The market
While 39% of all tablet owners have an Apple iPad, it increases to 44% for Younger Millennials and 54% for Generation Z.
Half of tablet owners prefer to use their smartphone at home, rising to 72% of Millennials. Baby boomers are more likely to own a tablet and prefer to use them at home over a smartphone.
Despite the efforts from manufacturers to pitch tablets as a potential laptop replacement, they remain secondary items to either a traditional computer or a phone and one that is predominantly used for media consumption.
Boycott Amazon
This guide is one of the guides in our alternatives to Amazon series.

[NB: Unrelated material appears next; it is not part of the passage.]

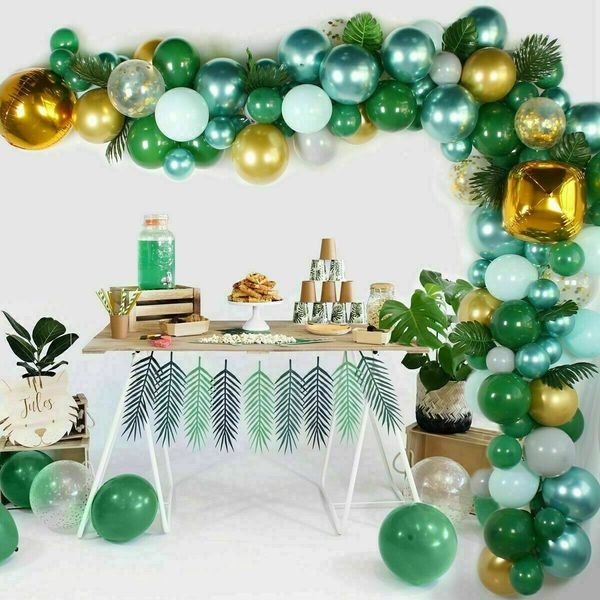 

167pcs baby shower balloon balloons garland arch safari jungle wild one birthday party decoration 1027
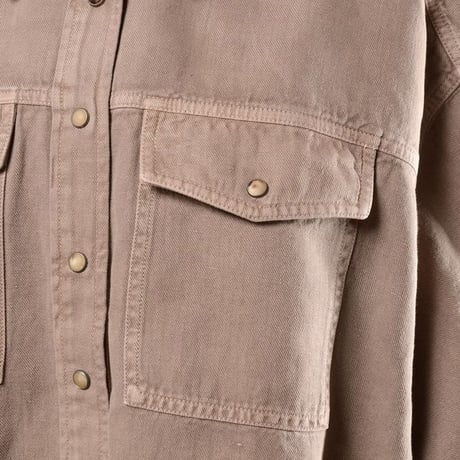 ブルネロクチネリ Brunello Cucinelli ガーメントダイブルゾン コットンリネン ベージュ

Amazon produce both a Fire tablet and the eponymous ereader, the Kindle. We are calling a boycott of Amazon over its tax avoidance and would urge you not to buy either of their products, opting instead for one of our Recommended brands above. There are many alternative tablet brands.
For ereaders, this guide pits Amazon's Kindle ereader against its nearest competitor, Kobo. Kobo, though not a top scoring brand, scores better than Amazon. If you don't want to opt for Kobo, buy one of the better scoring tablet brands and use it as an ereader.
More on ereaders in the box below.
Carbon reporting and management
We rated all the companies on what they were doing to reduce their own carbon footprint and the footprint of their suppliers.
The following companies got our Best rating for saying how they were cutting their own emissions, reporting their emissions (including their indirect emissions – of their supply chain and use of their products) and having a reduction target in line with international agreements:
Acer, Lenovo, Apple, Microsoft, HP, Amazon.
About half of the companies got our worst rating and only two companies - Asus and Samsung got our middle rating.
Conflict minerals
All tablets contain the 3TGs (tin, tantalum, tungsten and gold), minerals that are largely found in the Democratic Republic of Congo (DRC) and surrounding countries. Profits from the sale of these minerals are the most significant financier of the armed conflicts that have plagued the country since the 1990s. This has made control of the mines that produce them an important military objective in itself.
According to research by the International Peace Information Service, 56% of mines have an armed presence from either the army or independent armed groups. This puts companies in a position of responsibility to ensure that their money is not finding its way into this conflict. On this front, there have been some signs of positive change.
Since January 2021, companies have been required to check their supply chain in order to respect human rights and prevent them from contributing to conflicts. Importers will be required to publicly disclose their due diligence practices and policies on an annual basis.
This piece of legislation was inspired by the Dodd-Frank Act which has been in place in the US since 2010.
More than half of the companies get our worst rating for conflict minerals. The exceptions are:
- Best rating - Lenovo, Apple, Microsoft, HP
- Middle rating - Acer, Asus, Samsung.
Student forced labour
Headlines about workers’ rights abuses in tech factories are depressingly frequent. So much so that it is easy to forget the individuals trapped in these abusive systems.
A 2017 investigative report by Hong Kong-based Students and Scholars Against Corporate Misbehaviour (SACOM) gave voice to Chinese students who’d been forced into workplace ‘internships’ on the production lines of major tech company suppliers.